October 9, 2007
45th New York Film Festival: Halfway Through
We've made it through 10 days of this year's New York Film Festival, and it's been a great run so far. As usual, the selection committee has picked stellar films and we've sat in on some star-studded Q&A sessions at Lincoln Center. Here are a few thoughts at the midpoint.
Local boy Noah Baumbach presented the follow up to his Oscar-nominated and former NYFF favorite The Squid and the Whale, Margot at the Wedding at the beginning of last week. Starring Baumbach's wife Jennifer Jason Leigh and Nicole Kidman as two dysfunctional sisters reuniting for a wedding on Long Island, Margot's familial woes are punctuated by some very funny moments of dry wit. The whole cast is very good including Jack Black, John Turturro, and Leigh, as is Baumbach's script, but Kidman's performance as Margot, a Manhattan writer with neurosis to spare, really stands out.
Some people we talked to after the film really hated her character's unfeeling attitude towards the people in her life, but we thought Kidman's ability to express Margot's sometimes despicable actions made her actually quite endearing and real.

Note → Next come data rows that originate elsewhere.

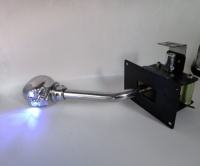 Manette de jeu JSJM pour simulateur de course arcade Dirty Driving, poignée de positionnement de vitesse, pièces de manette en métal en forme d'os croisés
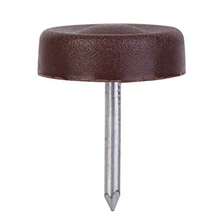 POCREATION Muebles Glides Almohadillas 100 Piezas de Muebles Silla de sofá Mesa Bottom Protector Glides Anti Slip DIY FIier SOLTERS Protectores de Piso 18mm Thickness 5mm - C y f - Ver 1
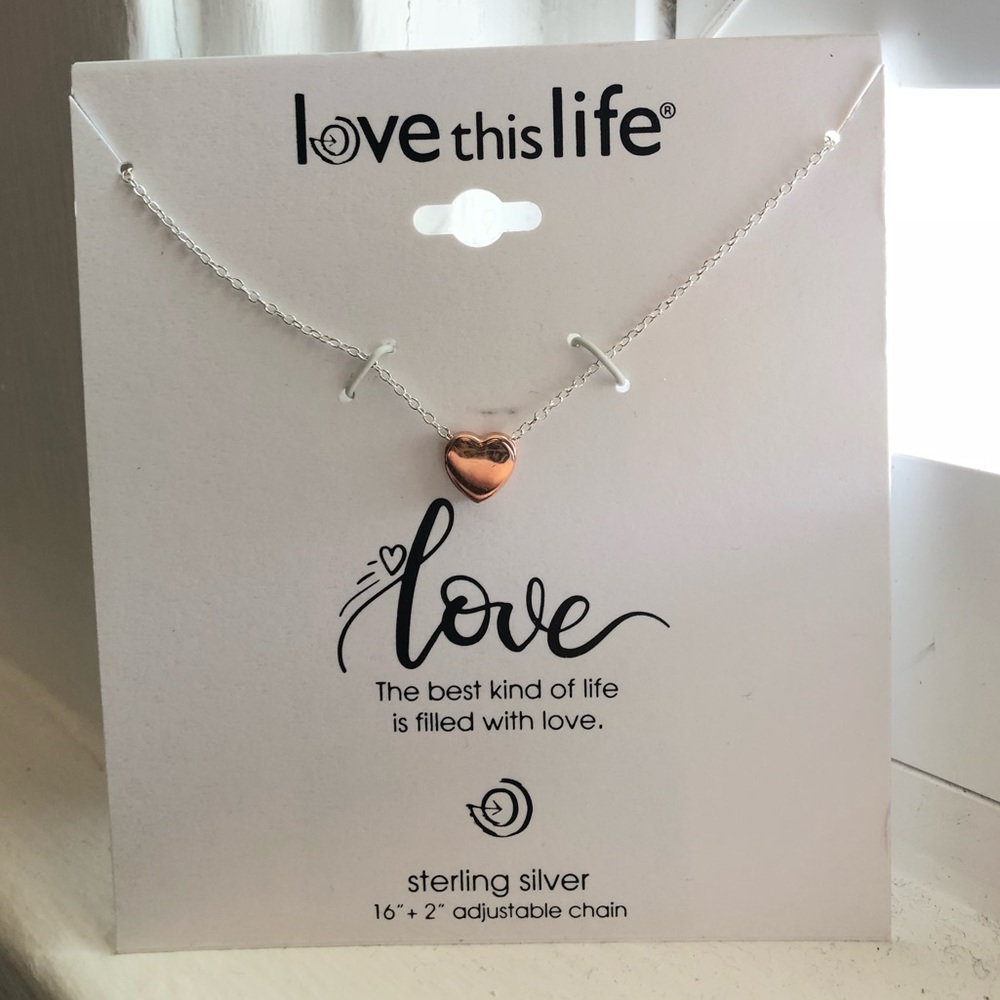 Sterling Silver Heart Necklace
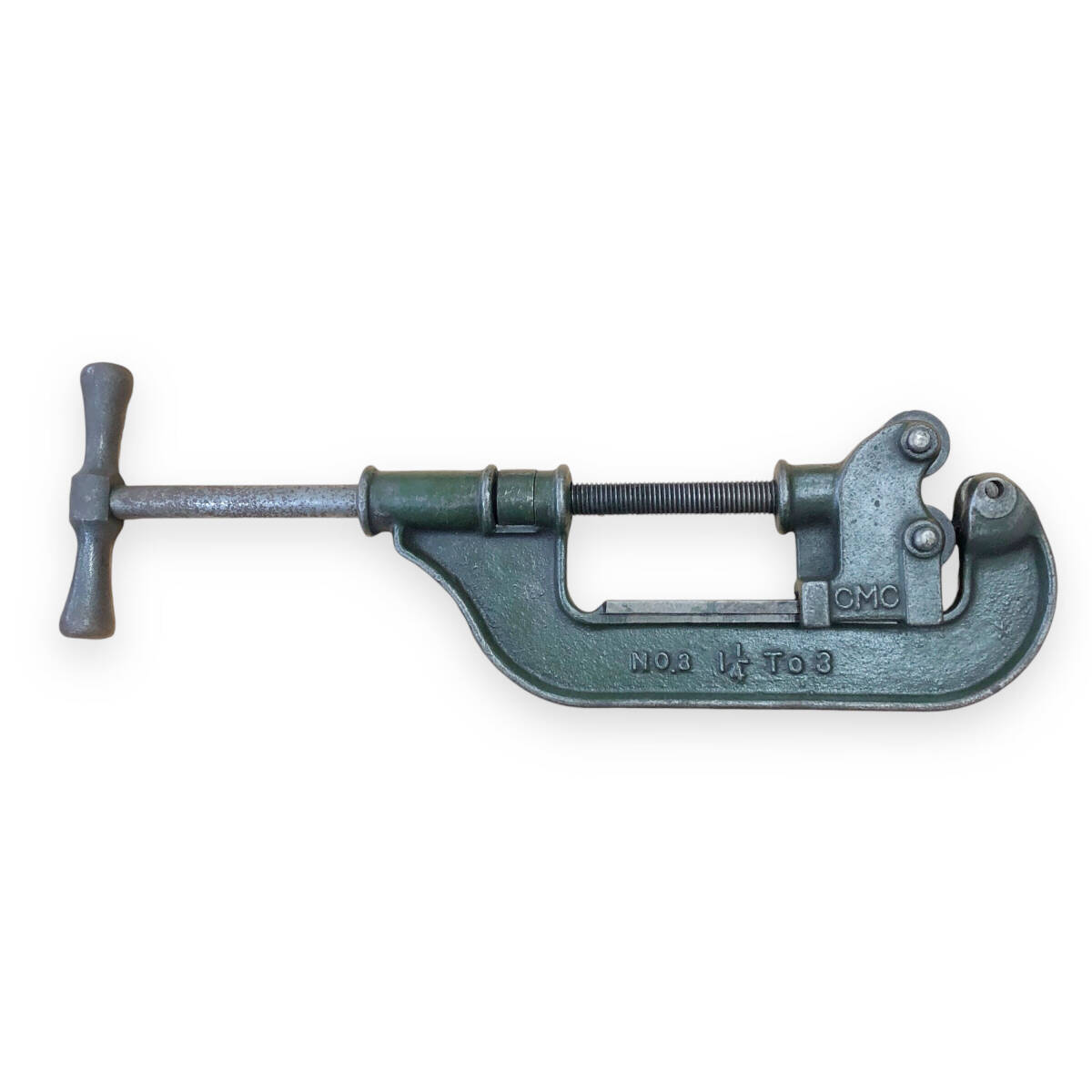 24Y702 ジ3 CMC パイプカッター NO.3 刃欠損 配管工事 現状品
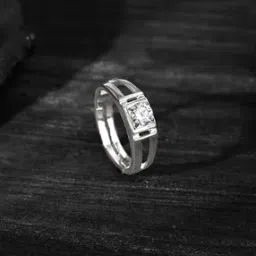 Men Sterling Silver Rock Ring-image-33
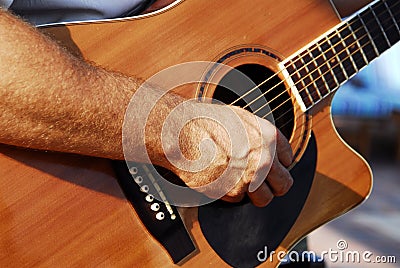 Guitarist Stock Photo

We expect to hear buzz about her performance when it gets closer to the Awards season, especially since Kidman's usually glamorous looks are well camouflaged by frizzy brown hair and mediocre clothes. Oscar loves honoring beautiful actresses who go frumpy.
Another stand out in the festival's line up was Todd Haynes' I'm Not There, his unconventional biopic about Bob Dylan. Told with six characters playing slightly fictionalized aspects of Dylan, I'm Not There tries to mimic the poetic, nonlinear storytelling technique of Dylan's songs with its narrative. With the lush cinematography, great acting and tons of cinematic allusions to directors like Jean Luc Godard and Federico Fellini, there's a lot to process while watching Haynes' film.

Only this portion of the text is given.